== Segment start ==
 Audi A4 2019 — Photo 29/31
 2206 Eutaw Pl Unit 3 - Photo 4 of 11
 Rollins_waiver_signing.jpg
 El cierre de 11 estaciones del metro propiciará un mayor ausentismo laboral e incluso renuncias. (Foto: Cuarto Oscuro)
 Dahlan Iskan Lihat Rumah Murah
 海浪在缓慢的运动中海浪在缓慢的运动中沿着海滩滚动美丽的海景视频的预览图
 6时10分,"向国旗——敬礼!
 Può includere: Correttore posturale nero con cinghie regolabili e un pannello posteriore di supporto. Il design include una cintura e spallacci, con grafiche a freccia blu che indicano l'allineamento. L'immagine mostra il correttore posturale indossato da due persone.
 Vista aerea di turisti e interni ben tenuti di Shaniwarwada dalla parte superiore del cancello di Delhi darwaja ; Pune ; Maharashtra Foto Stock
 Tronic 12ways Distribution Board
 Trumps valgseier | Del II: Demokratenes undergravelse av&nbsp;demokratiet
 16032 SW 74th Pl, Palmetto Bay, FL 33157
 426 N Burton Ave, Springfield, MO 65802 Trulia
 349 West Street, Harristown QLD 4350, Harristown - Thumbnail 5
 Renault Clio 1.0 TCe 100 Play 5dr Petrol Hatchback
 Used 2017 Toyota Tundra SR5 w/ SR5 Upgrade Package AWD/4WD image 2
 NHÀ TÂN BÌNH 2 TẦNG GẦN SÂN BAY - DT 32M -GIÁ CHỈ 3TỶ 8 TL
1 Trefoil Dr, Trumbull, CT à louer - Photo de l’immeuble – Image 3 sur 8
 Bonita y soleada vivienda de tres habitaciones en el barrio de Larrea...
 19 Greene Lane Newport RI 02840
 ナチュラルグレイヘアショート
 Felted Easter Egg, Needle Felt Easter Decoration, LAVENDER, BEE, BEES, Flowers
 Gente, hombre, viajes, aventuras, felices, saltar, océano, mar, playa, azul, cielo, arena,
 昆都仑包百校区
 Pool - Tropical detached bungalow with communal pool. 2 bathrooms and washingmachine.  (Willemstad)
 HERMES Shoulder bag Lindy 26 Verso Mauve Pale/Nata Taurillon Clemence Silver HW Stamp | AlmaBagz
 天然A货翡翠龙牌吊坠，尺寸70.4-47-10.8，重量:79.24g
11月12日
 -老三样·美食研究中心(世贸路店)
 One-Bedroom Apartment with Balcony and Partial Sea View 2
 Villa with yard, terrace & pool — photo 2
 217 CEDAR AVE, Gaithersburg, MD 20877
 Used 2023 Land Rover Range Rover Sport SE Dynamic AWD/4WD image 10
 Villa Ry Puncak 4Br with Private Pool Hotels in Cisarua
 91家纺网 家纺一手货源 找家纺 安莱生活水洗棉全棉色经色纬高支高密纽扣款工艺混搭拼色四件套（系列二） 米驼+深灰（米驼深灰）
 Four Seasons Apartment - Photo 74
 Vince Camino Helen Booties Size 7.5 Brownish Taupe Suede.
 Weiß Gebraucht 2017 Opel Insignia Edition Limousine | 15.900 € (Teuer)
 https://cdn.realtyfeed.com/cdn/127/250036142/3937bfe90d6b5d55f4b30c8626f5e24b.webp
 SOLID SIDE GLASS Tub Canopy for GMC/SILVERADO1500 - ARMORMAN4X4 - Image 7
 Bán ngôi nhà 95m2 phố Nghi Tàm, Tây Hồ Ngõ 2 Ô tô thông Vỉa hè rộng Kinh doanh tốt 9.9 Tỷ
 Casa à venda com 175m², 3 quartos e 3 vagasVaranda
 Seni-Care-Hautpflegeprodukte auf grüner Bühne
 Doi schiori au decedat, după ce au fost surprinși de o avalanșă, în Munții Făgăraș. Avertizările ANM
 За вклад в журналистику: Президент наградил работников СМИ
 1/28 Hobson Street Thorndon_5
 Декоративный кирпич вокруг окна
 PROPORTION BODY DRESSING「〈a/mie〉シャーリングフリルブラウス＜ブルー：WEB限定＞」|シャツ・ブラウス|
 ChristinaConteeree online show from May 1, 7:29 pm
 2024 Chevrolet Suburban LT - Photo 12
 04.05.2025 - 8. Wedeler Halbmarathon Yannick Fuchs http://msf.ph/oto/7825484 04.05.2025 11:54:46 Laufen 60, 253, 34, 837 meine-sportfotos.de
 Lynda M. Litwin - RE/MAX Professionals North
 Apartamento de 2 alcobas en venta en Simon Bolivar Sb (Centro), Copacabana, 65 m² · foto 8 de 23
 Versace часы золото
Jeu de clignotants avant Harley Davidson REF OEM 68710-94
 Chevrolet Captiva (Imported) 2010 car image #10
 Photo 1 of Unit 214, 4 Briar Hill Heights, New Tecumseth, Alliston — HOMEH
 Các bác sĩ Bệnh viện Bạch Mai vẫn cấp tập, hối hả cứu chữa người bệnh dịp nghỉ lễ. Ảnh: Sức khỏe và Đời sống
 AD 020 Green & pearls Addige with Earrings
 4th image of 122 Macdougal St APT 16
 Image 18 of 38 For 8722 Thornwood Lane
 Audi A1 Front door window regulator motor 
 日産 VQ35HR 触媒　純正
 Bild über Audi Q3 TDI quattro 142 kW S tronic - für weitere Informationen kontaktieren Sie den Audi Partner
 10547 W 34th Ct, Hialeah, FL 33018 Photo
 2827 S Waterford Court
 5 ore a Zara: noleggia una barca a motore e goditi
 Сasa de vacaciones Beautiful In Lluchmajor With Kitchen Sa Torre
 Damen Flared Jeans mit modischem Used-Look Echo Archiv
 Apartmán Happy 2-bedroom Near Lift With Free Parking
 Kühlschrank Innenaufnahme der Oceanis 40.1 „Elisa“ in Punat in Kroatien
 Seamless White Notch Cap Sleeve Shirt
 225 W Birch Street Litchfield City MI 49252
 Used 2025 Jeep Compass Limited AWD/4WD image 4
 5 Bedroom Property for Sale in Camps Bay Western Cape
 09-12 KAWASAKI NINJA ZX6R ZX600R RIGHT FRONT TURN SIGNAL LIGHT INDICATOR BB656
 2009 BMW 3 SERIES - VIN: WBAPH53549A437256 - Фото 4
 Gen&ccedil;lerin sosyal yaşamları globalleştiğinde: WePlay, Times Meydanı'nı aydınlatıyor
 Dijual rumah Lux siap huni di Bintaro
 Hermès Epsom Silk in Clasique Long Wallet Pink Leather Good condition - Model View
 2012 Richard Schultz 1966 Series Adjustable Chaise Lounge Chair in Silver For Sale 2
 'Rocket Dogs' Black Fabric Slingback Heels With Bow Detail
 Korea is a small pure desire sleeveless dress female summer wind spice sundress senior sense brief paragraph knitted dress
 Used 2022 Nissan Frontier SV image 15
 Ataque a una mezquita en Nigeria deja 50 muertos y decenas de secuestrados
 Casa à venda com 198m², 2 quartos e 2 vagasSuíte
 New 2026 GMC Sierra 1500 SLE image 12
== Segment end ==
__WHAT YOU HAVE TO DO__
Restate the entire listing verbatim.

__TASK OUTPUT__
 Audi A4 2019 — Photo 29/31
 2206 Eutaw Pl Unit 3 - Photo 4 of 11
 Rollins_waiver_signing.jpg
 El cierre de 11 estaciones del metro propiciará un mayor ausentismo laboral e incluso renuncias. (Foto: Cuarto Oscuro)
 Dahlan Iskan Lihat Rumah Murah
 海浪在缓慢的运动中海浪在缓慢的运动中沿着海滩滚动美丽的海景视频的预览图
 6时10分,"向国旗——敬礼!
 Può includere: Correttore posturale nero con cinghie regolabili e un pannello posteriore di supporto. Il design include una cintura e spallacci, con grafiche a freccia blu che indicano l'allineamento. L'immagine mostra il correttore posturale indossato da due persone.
 Vista aerea di turisti e interni ben tenuti di Shaniwarwada dalla parte superiore del cancello di Delhi darwaja ; Pune ; Maharashtra Foto Stock
 Tronic 12ways Distribution Board
 Trumps valgseier | Del II: Demokratenes undergravelse av&nbsp;demokratiet
 16032 SW 74th Pl, Palmetto Bay, FL 33157
 426 N Burton Ave, Springfield, MO 65802 Trulia
 349 West Street, Harristown QLD 4350, Harristown - Thumbnail 5
 Renault Clio 1.0 TCe 100 Play 5dr Petrol Hatchback
 Used 2017 Toyota Tundra SR5 w/ SR5 Upgrade Package AWD/4WD image 2
 NHÀ TÂN BÌNH 2 TẦNG GẦN SÂN BAY - DT 32M -GIÁ CHỈ 3TỶ 8 TL
1 Trefoil Dr, Trumbull, CT à louer - Photo de l’immeuble – Image 3 sur 8
 Bonita y soleada vivienda de tres habitaciones en el barrio de Larrea...
 19 Greene Lane Newport RI 02840
 ナチュラルグレイヘアショート
 Felted Easter Egg, Needle Felt Easter Decoration, LAVENDER, BEE, BEES, Flowers
 Gente, hombre, viajes, aventuras, felices, saltar, océano, mar, playa, azul, cielo, arena,
 昆都仑包百校区
 Pool - Tropical detached bungalow with communal pool. 2 bathrooms and washingmachine.  (Willemstad)
 HERMES Shoulder bag Lindy 26 Verso Mauve Pale/Nata Taurillon Clemence Silver HW Stamp | AlmaBagz
 天然A货翡翠龙牌吊坠，尺寸70.4-47-10.8，重量:79.24g
11月12日
 -老三样·美食研究中心(世贸路店)
 One-Bedroom Apartment with Balcony and Partial Sea View 2
 Villa with yard, terrace & pool — photo 2
 217 CEDAR AVE, Gaithersburg, MD 20877
 Used 2023 Land Rover Range Rover Sport SE Dynamic AWD/4WD image 10
 Villa Ry Puncak 4Br with Private Pool Hotels in Cisarua
 91家纺网 家纺一手货源 找家纺 安莱生活水洗棉全棉色经色纬高支高密纽扣款工艺混搭拼色四件套（系列二） 米驼+深灰（米驼深灰）
 Four Seasons Apartment - Photo 74
 Vince Camino Helen Booties Size 7.5 Brownish Taupe Suede.
 Weiß Gebraucht 2017 Opel Insignia Edition Limousine | 15.900 € (Teuer)
 https://cdn.realtyfeed.com/cdn/127/250036142/3937bfe90d6b5d55f4b30c8626f5e24b.webp
 SOLID SIDE GLASS Tub Canopy for GMC/SILVERADO1500 - ARMORMAN4X4 - Image 7
 Bán ngôi nhà 95m2 phố Nghi Tàm, Tây Hồ Ngõ 2 Ô tô thông Vỉa hè rộng Kinh doanh tốt 9.9 Tỷ
 Casa à venda com 175m², 3 quartos e 3 vagasVaranda
 Seni-Care-Hautpflegeprodukte auf grüner Bühne
 Doi schiori au decedat, după ce au fost surprinși de o avalanșă, în Munții Făgăraș. Avertizările ANM
 За вклад в журналистику: Президент наградил работников СМИ
 1/28 Hobson Street Thorndon_5
 Декоративный кирпич вокруг окна
 PROPORTION BODY DRESSING「〈a/mie〉シャーリングフリルブラウス＜ブルー：WEB限定＞」|シャツ・ブラウス|
 ChristinaConteeree online show from May 1, 7:29 pm
 2024 Chevrolet Suburban LT - Photo 12
 04.05.2025 - 8. Wedeler Halbmarathon Yannick Fuchs http://msf.ph/oto/7825484 04.05.2025 11:54:46 Laufen 60, 253, 34, 837 meine-sportfotos.de
 Lynda M. Litwin - RE/MAX Professionals North
 Apartamento de 2 alcobas en venta en Simon Bolivar Sb (Centro), Copacabana, 65 m² · foto 8 de 23
 Versace часы золото
Jeu de clignotants avant Harley Davidson REF OEM 68710-94
 Chevrolet Captiva (Imported) 2010 car image #10
 Photo 1 of Unit 214, 4 Briar Hill Heights, New Tecumseth, Alliston — HOMEH
 Các bác sĩ Bệnh viện Bạch Mai vẫn cấp tập, hối hả cứu chữa người bệnh dịp nghỉ lễ. Ảnh: Sức khỏe và Đời sống
 AD 020 Green & pearls Addige with Earrings
 4th image of 122 Macdougal St APT 16
 Image 18 of 38 For 8722 Thornwood Lane
 Audi A1 Front door window regulator motor 
 日産 VQ35HR 触媒　純正
 Bild über Audi Q3 TDI quattro 142 kW S tronic - für weitere Informationen kontaktieren Sie den Audi Partner
 10547 W 34th Ct, Hialeah, FL 33018 Photo
 2827 S Waterford Court
 5 ore a Zara: noleggia una barca a motore e goditi
 Сasa de vacaciones Beautiful In Lluchmajor With Kitchen Sa Torre
 Damen Flared Jeans mit modischem Used-Look Echo Archiv
 Apartmán Happy 2-bedroom Near Lift With Free Parking
 Kühlschrank Innenaufnahme der Oceanis 40.1 „Elisa“ in Punat in Kroatien
 Seamless White Notch Cap Sleeve Shirt
 225 W Birch Street Litchfield City MI 49252
 Used 2025 Jeep Compass Limited AWD/4WD image 4
 5 Bedroom Property for Sale in Camps Bay Western Cape
 09-12 KAWASAKI NINJA ZX6R ZX600R RIGHT FRONT TURN SIGNAL LIGHT INDICATOR BB656
 2009 BMW 3 SERIES - VIN: WBAPH53549A437256 - Фото 4
 Gen&ccedil;lerin sosyal yaşamları globalleştiğinde: WePlay, Times Meydanı'nı aydınlatıyor
 Dijual rumah Lux siap huni di Bintaro
 Hermès Epsom Silk in Clasique Long Wallet Pink Leather Good condition - Model View
 2012 Richard Schultz 1966 Series Adjustable Chaise Lounge Chair in Silver For Sale 2
 'Rocket Dogs' Black Fabric Slingback Heels With Bow Detail
 Korea is a small pure desire sleeveless dress female summer wind spice sundress senior sense brief paragraph knitted dress
 Used 2022 Nissan Frontier SV image 15
 Ataque a una mezquita en Nigeria deja 50 muertos y decenas de secuestrados
 Casa à venda com 198m², 2 quartos e 2 vagasSuíte
 New 2026 GMC Sierra 1500 SLE image 12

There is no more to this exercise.